Stage croisière à l’Ecole de Voile des Glénans, le 19 septembre 2019, Photo © Jean-Marie LIOT

Faire émerger des modèles

Le premier écueil à la mixité est souvent l’absence de modèles. Alors que l’immense majorité des moniteurs sont des hommes, il n’est pas évident pour une femme de s’imaginer cheffe de bord. « Il faut des roles models pour montrer que c’est possible, il faut dézinguer ce syndrome de l’imposteur » souligne Raphaëlle. Trop souvent, les cheffes de bord doivent faire la démonstration de leur savoir-faire alors que leurs collègues hommes sont perçus comme plus compétents. Pour tordre le cou à ce cliché, le management de l’association se féminise. Les bases de Bonfacio et l’île d’Arz sont aujourd’hui dirigées par des femmes et près de la moitié des référents techniques sont des référentes. « Nous avons réalisé des modifications de fonctionnement, à commencer par renforcer le leadership féminin » poursuit Tom, convaincu qu’il faut aussi occuper le terrain de la communication. Les visages féminins sont présents partout sur les documents de communication et le langage se fait lui aussi plus inclusif.

Les stages 100% féminins, un symbole fort
 
Depuis deux ans, l’école de voile propose – à titre expérimental – des stages 100 % féminin. En mer, le sexisme a en effet la vie dure et l’image dominante reste celle du loup de mer, sûr de lui et de ses gros bras. Dans un stage mixte, les garçons ont vite fait de prendre l’initiative. Ils tirent sur les bouts, prennent la barre, alors que les femmes se contentent souvent de poser les pare battages. « Prendre la manivelle, ou le bout des mains d’une femme, c’est un début de discrimination » explique Raphaëlle. Entre elles, les filles apprécient une communication plus douce et des relations moins hiérarchisées. « Les premiers retours sur ces stages sont très positifs, que ça soit de la part des stagiaires ou des cheffes de bord. J’ai même le sentiment qu’ils ravivent l’engagement bénévole » apprécie Raphaëlle. Cette initiative, qui ne concerne qu’un stage sur cent, fait l’objet de discussions au sein de l’école comme le reconnaît Tom Daune : « C’est un sujet clivant. Ça ne réjouit personne d’en arriver là, surtout pour une association construite autour de la mixité, qui a été fondée par un couple. Cependant, on ne peut pas dire que la parité existe aujourd’hui sur les stages mixtes, en particulier en embarqué.
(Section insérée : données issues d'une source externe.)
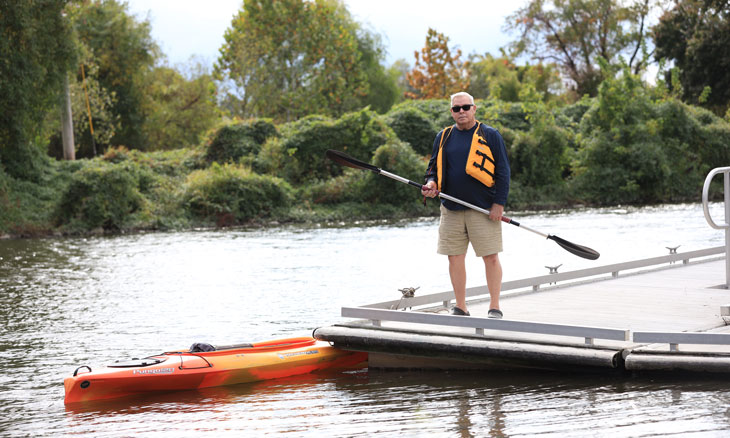 John Kiefer on the dock, ready to kayak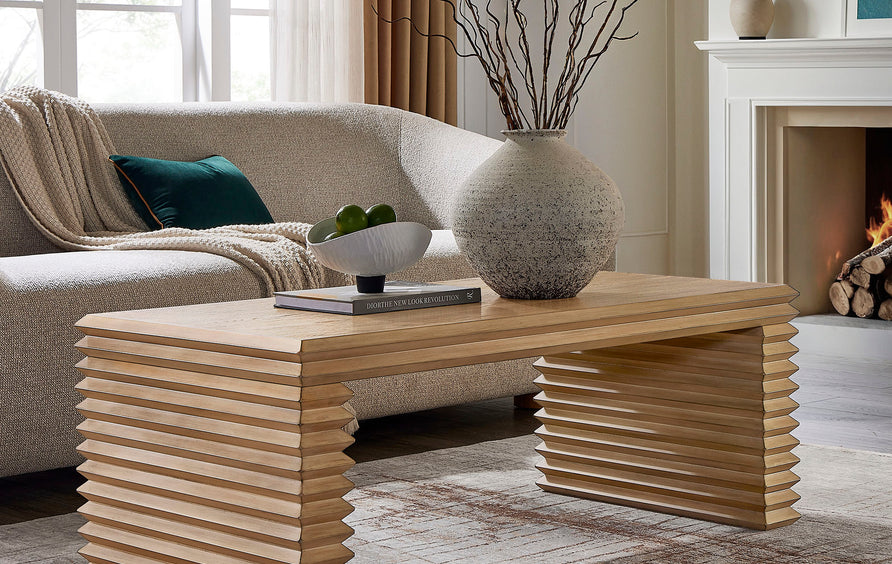 Marlowe Rectangular Stacked Design Coffee Table in Weathered Oak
La plupart du temps, une femme se retrouve seule à bord avec quatre hommes et les stages 100% féminins sont un passage obligé ».
 
Hygiène et intimité, piliers de la mixité
 
Les besoins physiologiques des femmes sont aujourd’hui mieux pris en compte dans l’activité. Pourtant, les longues journées en mer – en combinaison – ou sur un banc de sable isolé peuvent parfois virer au casse-tête pour une femme qui a ses règles, ou tout simplement un besoin pressant. « Il y a trois fois plus d’infections urinaires en mer qu’à terre » résume Raphaëlle. Ce besoin d’hygiène et d’intimité est aujourd’hui placé au cœur du projet pédagogique. Les journées en mer sont adaptées et des lieux d’intimités sont proposés de manière systématique.